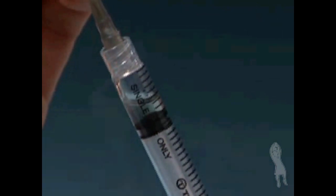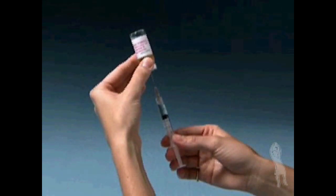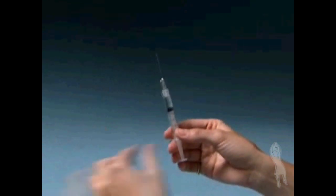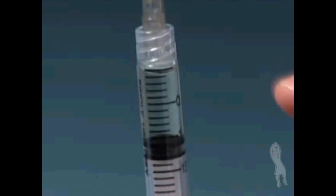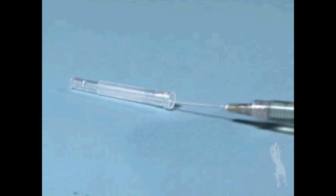By slowly backing the needle out of the vial as you withdraw the solution, you will only be using a portion of the medication for each injection, not the entire vial. Remove the needle and syringe from the vial. To remove any air bubbles, point the needle upward and gently tap on the syringe. When all bubbles have risen to the top, slightly press the plunger until a small drop of solution appears at the tip of the needle.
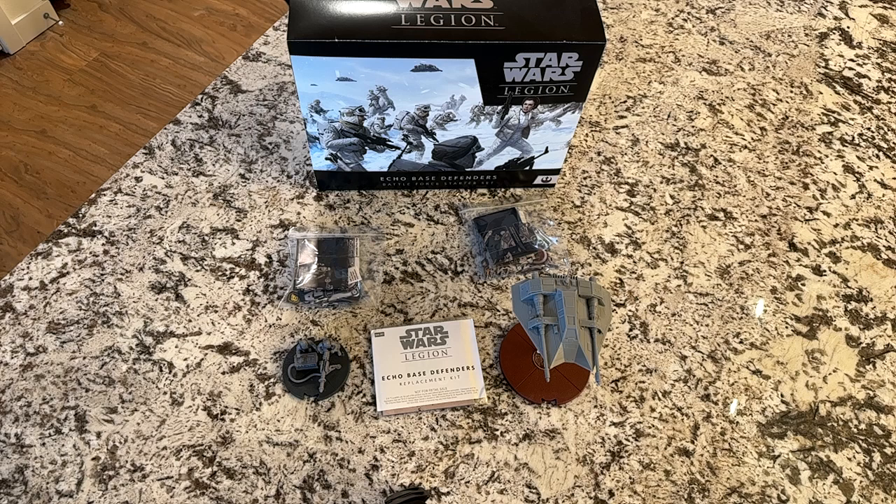All right, how's it going everybody, this is Ismortah. This morning during my Saturday morning 9am Central board game stream, I was showing you some more Star Wars Legion stuff. The theme, as you can see here, is centered all around doing stuff on Hoth — the Hoth-themed expansions for the Galactic Empire and the Rebellion.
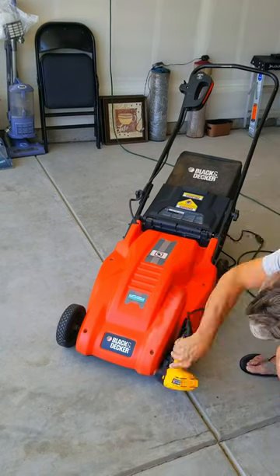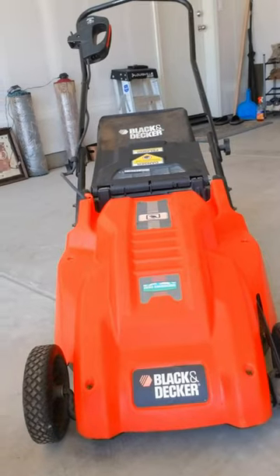Then I decided I'm gonna post this on OfferUp and see what happens. I posted it for 75 bucks — two offers later I get this guy right here, putting it in his car. He offered me 60, so I made a quick 45 bucks. You guys could do the same.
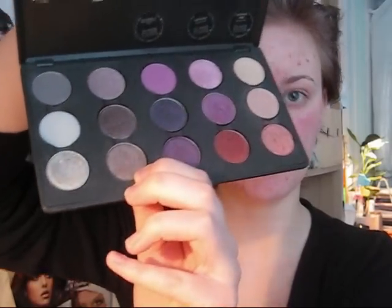Okay, I'm gonna get the tutorial started. First I'm taking my MAC 239 brush and Satin Taupe by MAC, and we're gonna be applying this on the inner third of our lid up to the crease and then just start smoking it up towards the middle.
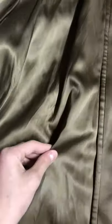Opening it up, it's got like a lining in it — it's like nylon almost. Over here you got buttons to close the pockets for the lining.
......
ASSIGNED TASK:
Could you print all the entries exactly as they stand, with the pictures left out?

ANSWER TO THIS PROBLEM:
By slowly backing the needle out of the vial as you withdraw the solution, you will only be using a portion of the medication for each injection, not the entire vial. Remove the needle and syringe from the vial. To remove any air bubbles, point the needle upward and gently tap on the syringe. When all bubbles have risen to the top, slightly press the plunger until a small drop of solution appears at the tip of the needle.
All right, how's it going everybody, this is Ismortah. This morning during my Saturday morning 9am Central board game stream, I was showing you some more Star Wars Legion stuff. The theme, as you can see here, is centered all around doing stuff on Hoth — the Hoth-themed expansions for the Galactic Empire and the Rebellion.
Then I decided I'm gonna post this on OfferUp and see what happens. I posted it for 75 bucks — two offers later I get this guy right here, putting it in his car. He offered me 60, so I made a quick 45 bucks. You guys could do the same.
Okay, I'm gonna get the tutorial started. First I'm taking my MAC 239 brush and Satin Taupe by MAC, and we're gonna be applying this on the inner third of our lid up to the crease and then just start smoking it up towards the middle.
Opening it up, it's got like a lining in it — it's like nylon almost. Over here you got buttons to close the pockets for the lining.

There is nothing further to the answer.